GOAL OF THE EXERCISE -
Among the entries below, one stretch runs from the line that contains "Tacpro A65 Max" through the line that contains "Mostakbal City". Repeat that stretch exactly, ends included, and only that.

INPUT DATA -
━━━━━━━━━━━━━━━━

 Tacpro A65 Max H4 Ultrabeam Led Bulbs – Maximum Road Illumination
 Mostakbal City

━━━━━━━━━━━━━━━━

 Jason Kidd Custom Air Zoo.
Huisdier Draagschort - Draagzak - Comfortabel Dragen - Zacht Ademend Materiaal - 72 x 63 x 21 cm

━━━━━━━━━━━━━━━━

RESULT OF THIS TASK -
 Tacpro A65 Max H4 Ultrabeam Led Bulbs – Maximum Road Illumination
 Mostakbal City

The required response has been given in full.